There will always be tension between doing what is easy and expedient in the short term vs what's best for the long term stability of your applications and the health of your team.
This extends beyond merely the technology but also in the way that you relate to your team. If you fail to enforce your processes, let things slide, do not hold people accountable you are making things harder for yourself in the future. You always have to consider how your behavior and your actions today will impact your ability to lead in the future.
When you are an individual contributor you are generally only responsible for things you can directly impact. If you are tasked with building a new feature or application you will be able to control most elements of your work because you are the one doing the work. Once you have a team you will be responsible for more work than you could possibly do on your own.

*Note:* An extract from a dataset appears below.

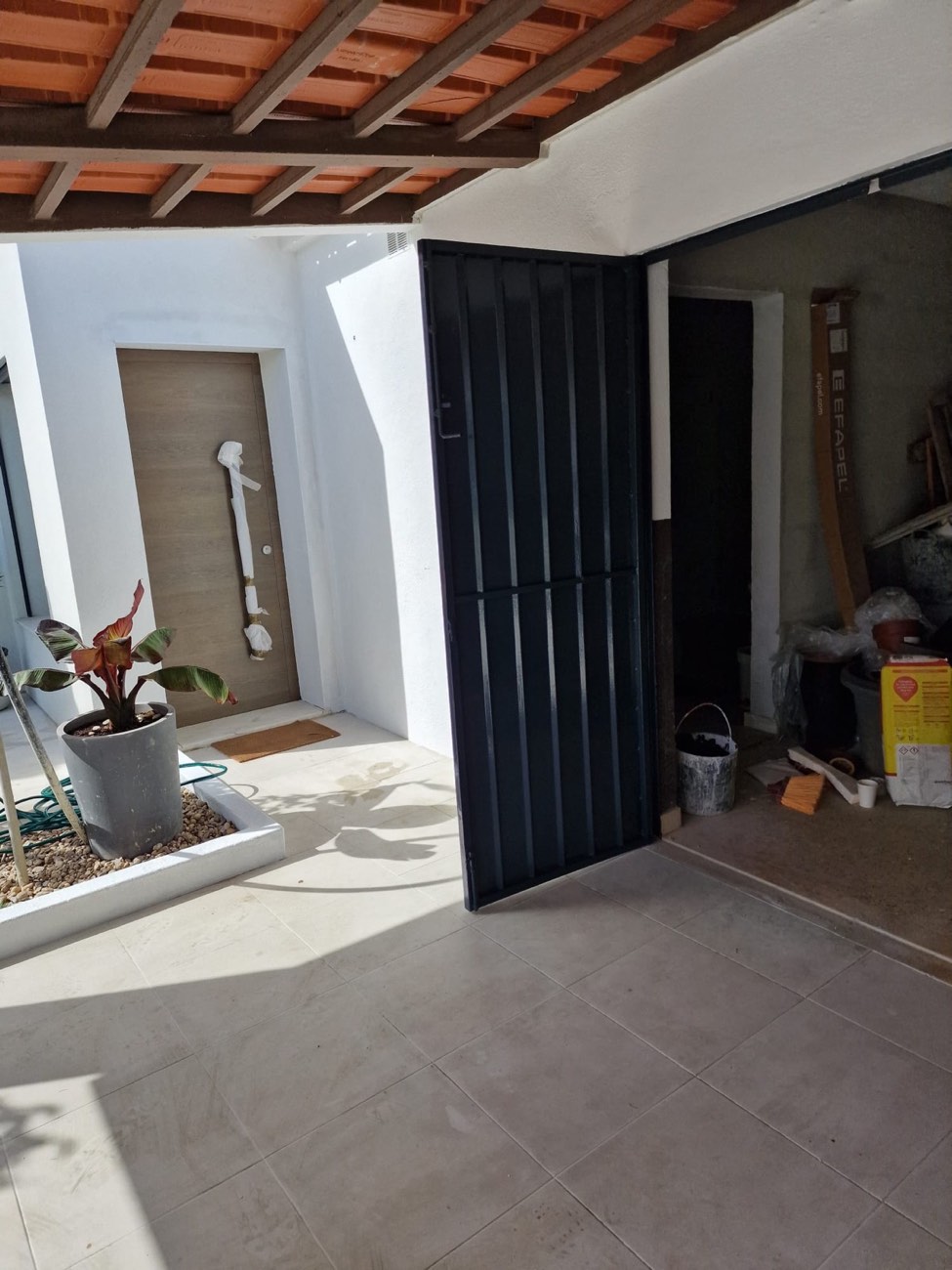 Portão de garagem pintado em grafite, ao lado da porta de entrada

This means that you have to trust your team to be responsible for individual pieces and it is possible that they will fail to deliver as promised.
The gap between what you can directly control but are still responsible for can make new managers extremely uncomfortable.
How will I know if it's being done well? What happens if my team does a bad job? How will that reflect on me? The resulting tension you feel is a normal part of the chaos of managing a larger team. At some point the size of the team and the complexity of the project will make it impossible for you to have full control AND most importantly full visibility. There will be a lot of things happening that you will not be aware of and technological changes that you will not understand. You don't have time to read every new line of code.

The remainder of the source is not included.